◆ **WHAT TO WORK ON**
An exact, complete copy of the entries is needed, with the pictures left out.

[Short descriptive text snippets]

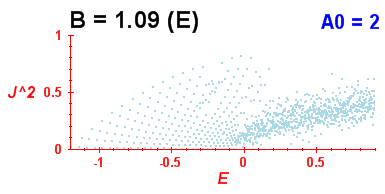 Convergence of Peres lattices 10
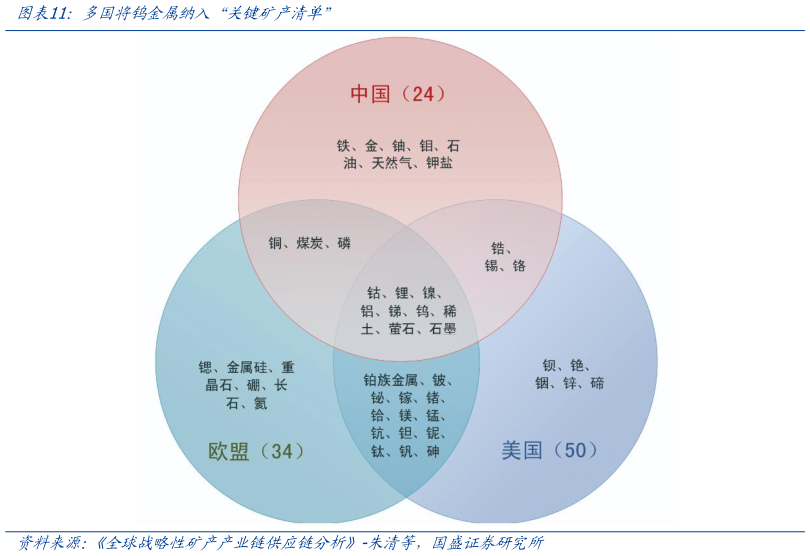 想关注一下多国将钨金属纳入“关键矿产清单”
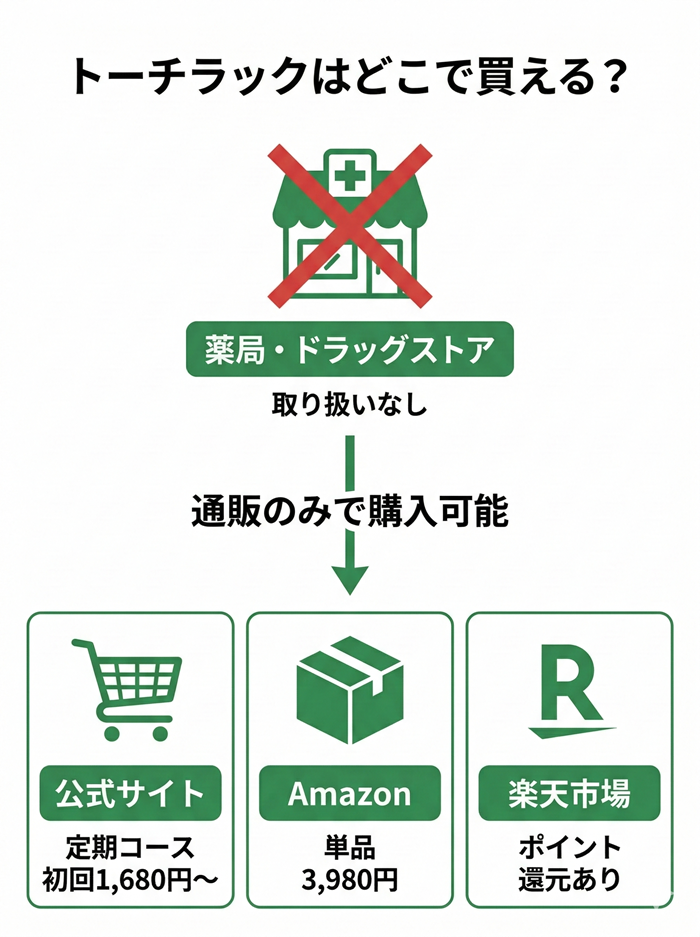 トーチラックの購入先まとめ【比較表】
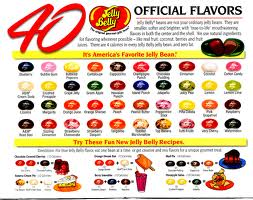 Jelly Belly Flavor Chart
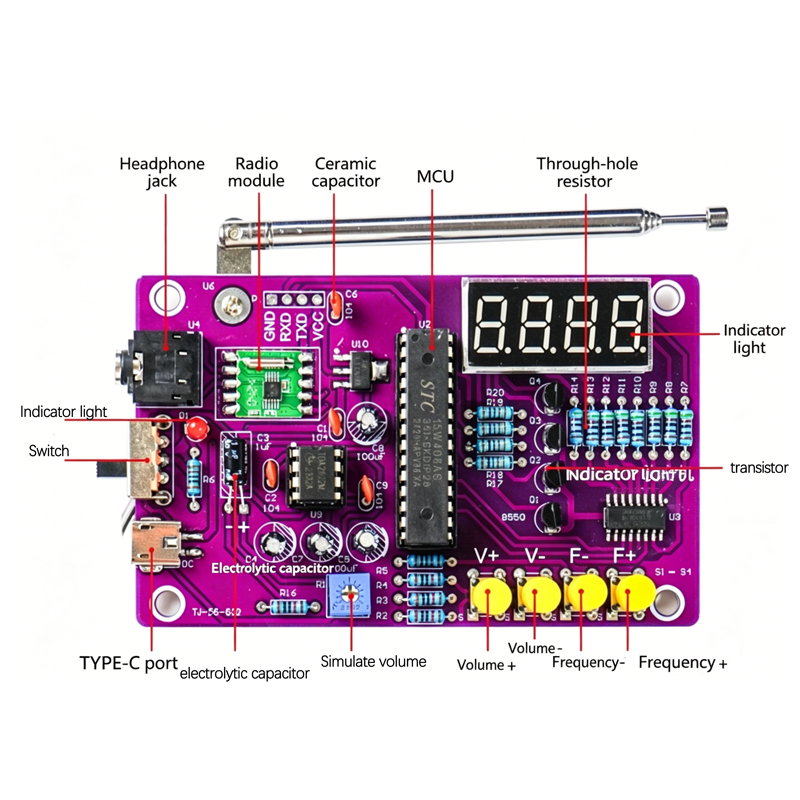 DIY FM-Radio Elektronik-Bausat – Diy Electronics Soldering Kit Bewertung und Preis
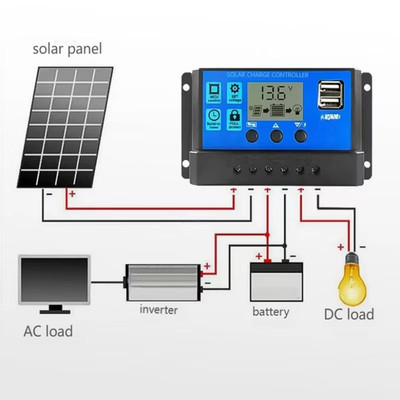 30A PWM Solarpanel Regler Batterie Laderegler LCD Dual USB 12V/24V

◆ **THE ANSWER**
 Convergence of Peres lattices 10
 想关注一下多国将钨金属纳入“关键矿产清单”
 トーチラックの購入先まとめ【比較表】
 Jelly Belly Flavor Chart
 DIY FM-Radio Elektronik-Bausat – Diy Electronics Soldering Kit Bewertung und Preis
 30A PWM Solarpanel Regler Batterie Laderegler LCD Dual USB 12V/24V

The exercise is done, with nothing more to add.